Œuvres poétiques, Texte établi par Louis MolandGarnierVolume 2 (p. 212-214).


VIII[1]

LES POÈTES[2]


Après la prise de Constantinople et la renaissance des lettres, lorsque l’étude de la langue grecque et romaine fut répandue jusque dans le Nord…


Pour entendre ce chœur de cygnes étrangers,
Le vaste écho des monts que la Baltique embrasse,
Hérissé de forêts, de ses antres de glace
Sortit, et, souriant, pour la première fois
Il se plut à s’entendre et méconnut sa voix.


Quand les Anglais commencèrent à cultiver la poésie… Milton… homme sublime, qui a quelques taches comme le soleil[3]. Pope… Thompson, aussi d’autres étincellent quelquefois de beautés, comme les volcans qui lancent du feu au milieu des cendres et de la fumée…


Les poètes anglais, trop fiers pour être esclaves.
Ont même du bon sens rejeté les entraves.
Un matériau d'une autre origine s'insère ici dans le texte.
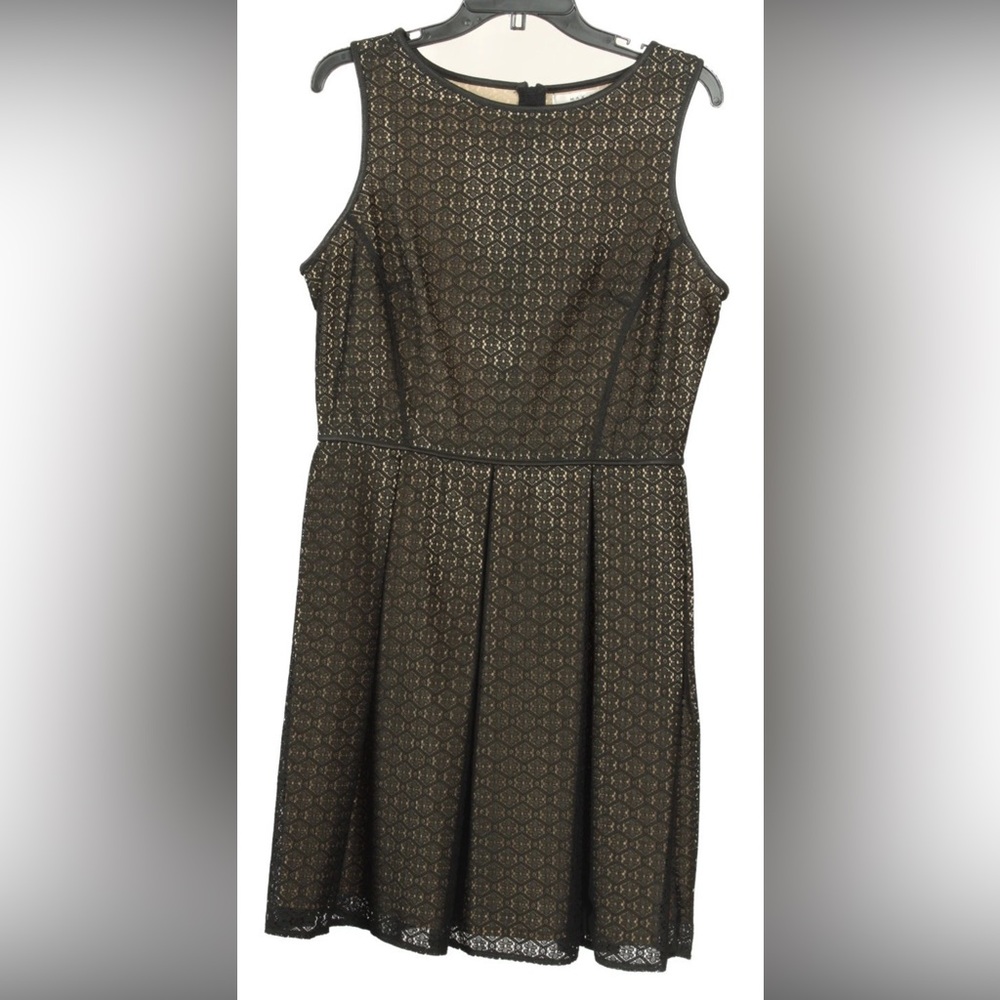 Max Studio Women’s Dress 12 Black Tan A Line Sleeveless Pleated Lace Lined
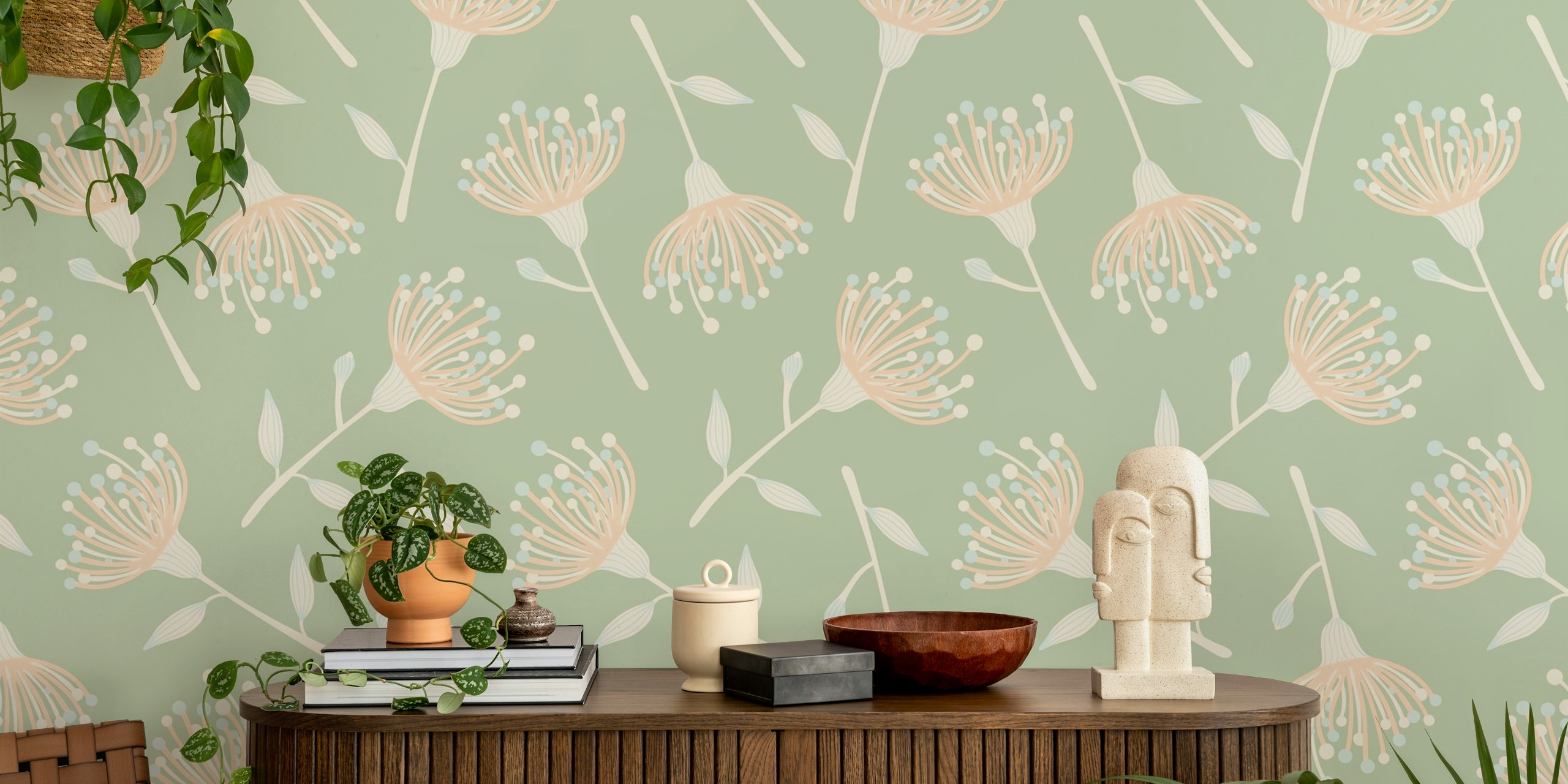 Eucalyptus floral design with soft sage green background wallpaper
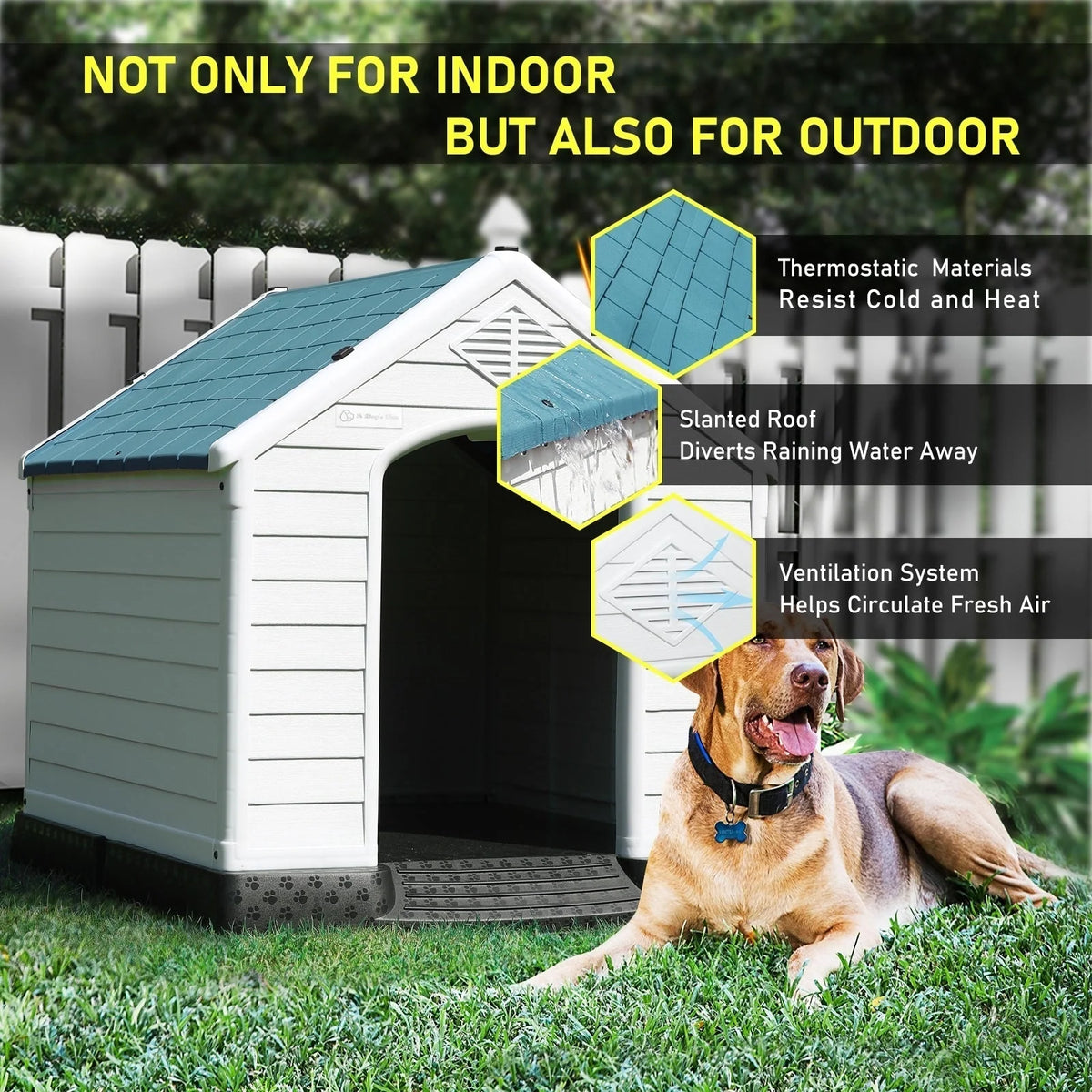 Niche pour chien en plastique BOSSIN, pour chiens de petite à grande taille, abri isolé intérieur/extérieur avec plancher surélevé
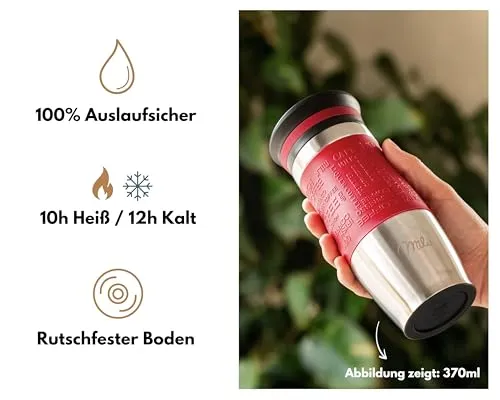 Milu Thermobecher Kaffee to go 370ml, 450ml Isolierbecher Kaffeebecher - 100% Auslaufsicher - Trinkbecher aus Edelstahl - Autobecher doppelwand Isolierung - Travel Mug (Rot, 370ml)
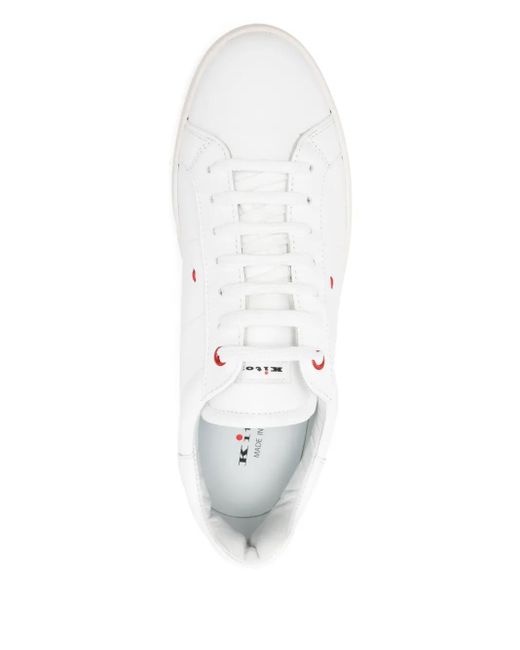 Kiton White Leather Sneakers for men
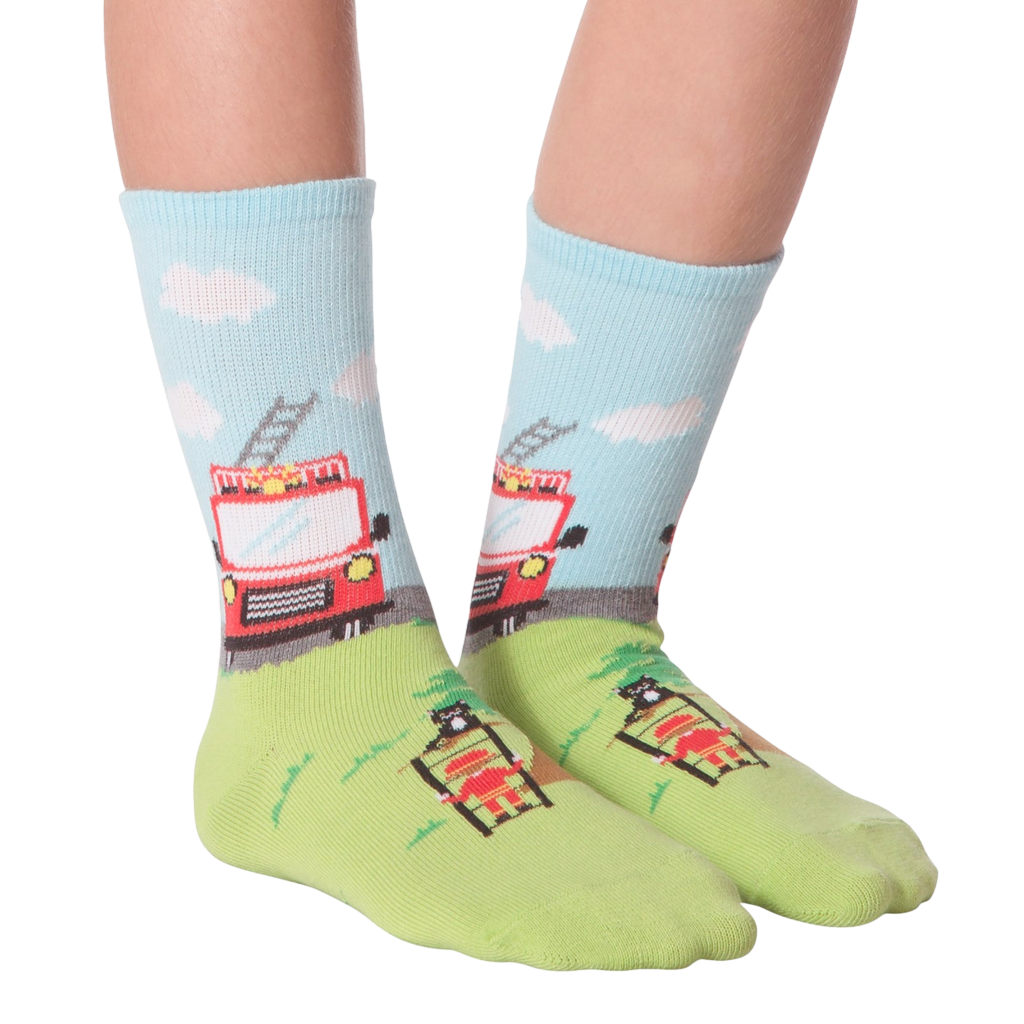 Another lifestyle shot of Fireman socks on feet, showcasing the sock's fit and design.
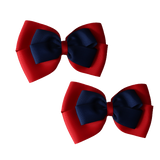 School uniform hair accessories Double Cherish Bow 11cm non Slip Hair Clip Hair Tie - Red Base & Centre Ribbon - Pinkberry Kisses Red navy Blue Pair 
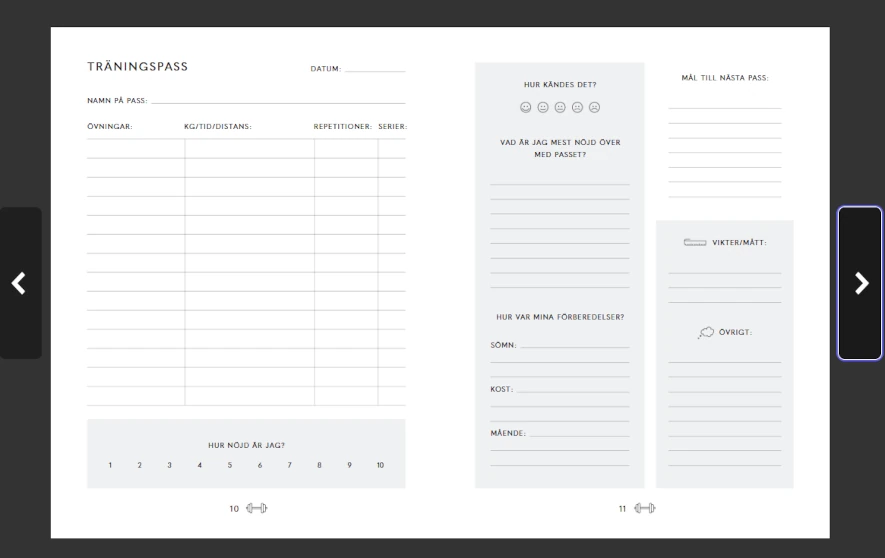 Min traningsdagbok av bianca salming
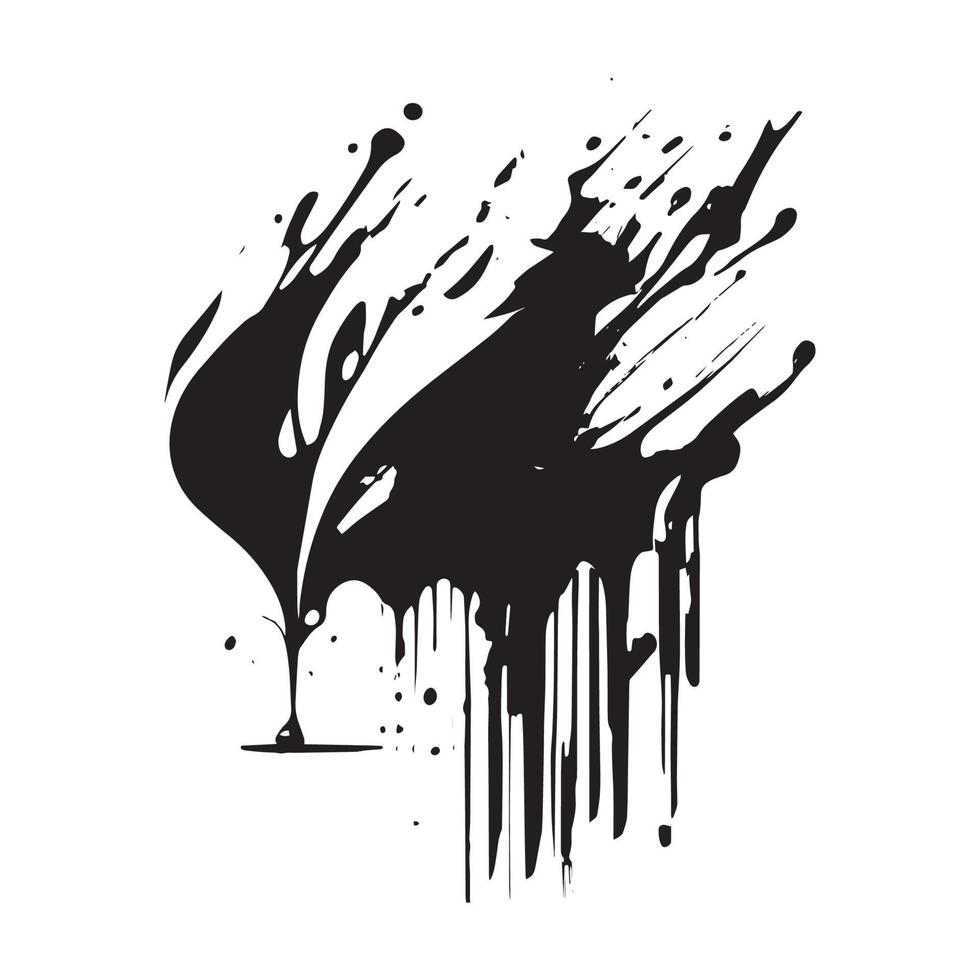 Smears, blots of black paint on a white background, dark colors - Vector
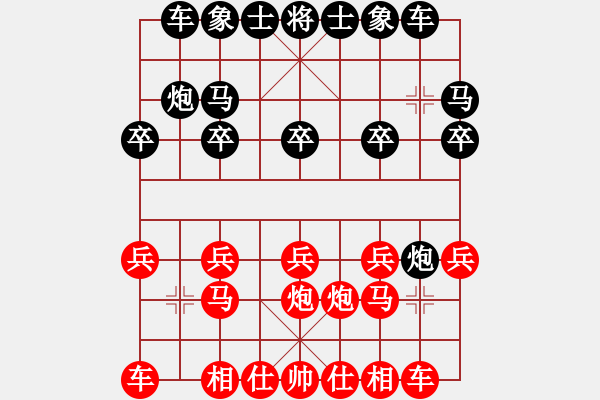 象棋棋譜圖片：中炮對(duì)進(jìn)左馬（紅勝） - 步數(shù)：10 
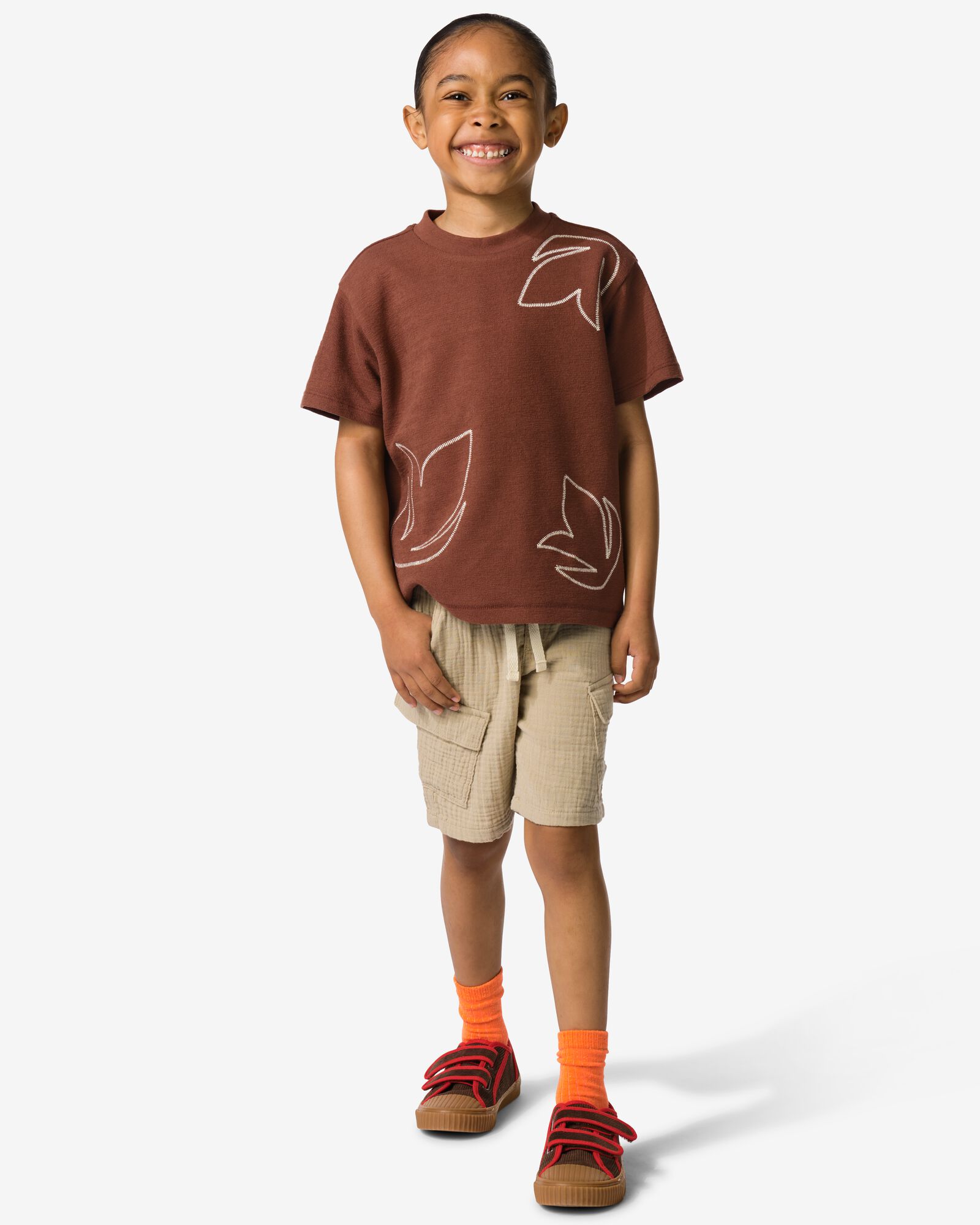 Kindershorts, normale Passform, Musselin hellbraun hellbraun - 30714804LIGHTBROWN - HEMA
Dans leur ton uniforme, en leur vaine splendeur.
Haletants pour atteindre une fausse grandeur,
Tristes comme leur ciel toujours ceint de nuages,
Enflés comme la mer qui frappe leurs rivages
Et sombres et pesants comme l’air nébuleux
Que leur île farouche épaissit autour d’eux,
D’un génie étranger détracteurs ridicules
Et d’eux-même et d’eux seuls admirateurs crédules,
Et certes quelquefois, dans leurs écrits nombreux.
Dignes d’être admirés par d’autres que par eux[4].


Le beau siècle des Grecs n’est pas celui d’Alexandre… Leurs triomphes dans les lettres sont du même temps que leurs victoires pour la liberté… Toutes les îles… le Péloponèse… étaient pleins de poètes lyriques… Thespis parut… Alors la comédie… la tragédie… (les peindre allégoriquement). Les Perses viennent… Thémistocle… Minerve sur les remparts de sa ville chérie secoua sa redoutable égide… le Sunium trembla… elle secoua sa lance, elle lança la foudre… Xersès s’en retourna… son char (faire allusion au songe de sa mère dans Eschyle[5]… Sophocle, Phydias, etc… Salut, divine contrée où l’on a vu ensemble ce que l’on n’a point vu depuis et ce que peut-être on ne verra plus… les arts, la puissance et la liberté réunis ensemble.

Quoique les pays du Nord aient eu de très-beaux génies, il semble que les pieds délicats des muses aient peine à s’accoutumer à marcher sur tels et tels sommets.


Tiré de Pindare dans Quintilien

Il ne ramasse point l’eau qui tombe des cieux,
Quand l’automne tarit leur trésor pluvieux ;

C’est de son propre sein que des sources fécondes jaillissent…[6].
Of some Span. Pind.[7].

Qu’un autre compose des odes bien longues ; mais le feu le plus ardent est celui qui se consume le plus vite, il brûle et enflamme tout en un instant et l’on entend au loin son bruit et son éclat foudroyant.

  1. Édition G. de Chénier.
  2. L’auteur a écrit ce titre en grec abrégé περὶ ποιήτ.,
  3. Voy. page 106, note 1.
  4. Ce fragment avait paru dans la Revue de Paris, 1830.
  5. Les Perses, v. 176 et suiv.
  6. C’est en parlant de Cicéron que Quintilien, dans ses institutions oratoires, emploie cette métaphore empruntée à Pindare. Voici ce passage de Quintilien où il consigne son opinion sur l’orateur romain

    Nam mihi videtur M. Tullius, cum se totum ad imitationem Græcorum contulisset, effinxisse vim Demosthenis, copiam Platonis, jucunditatem Isocratis. Nec vero quod in quoque optimum fuit studio consecutus est tantum, sed plurimas, vel potius omnes ex se ipso virtutes extulit immortalis ingenii beatissima ubertate. Non enim pluvias (ut ait Pindarus) aquas colligit, sed vivo gurgite exundat, dono quodam providentiæ genitus in quo totas vires suas eloquentia experiretur. — Quintil., institut. orat., lib. X, cap. I, p. 916, edit. de Burmann, in-4o, 1720. (G. de Chénier.)